Since a well written parallel reduction is a memory bandwidth constrained code on GPUs, the speed difference between your GPU and my GPU makes sense.

So I would say your results are probably about what is expected, and to get better results you will probably need a faster GPU.

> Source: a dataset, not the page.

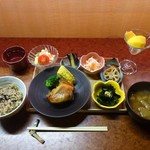 創作家庭料理 美弥 - ランチ：キンキの煮付け膳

Also, if your GT540M is also hosting an X display, it's possible that the GPU timing is corrupted by display activity. If we are timing a single kernel, this is not normally an issue - the kernel execution interrupts the display processing briefly. But when we are timing a sequence of kernels in succession, it's possible for the display tasks to jump in and execute in-between kernel calls (the GPU is multi-tasking when it is asked to both support a display and also process CUDA code). Therefore, this may be a possible performance impact in your case as well.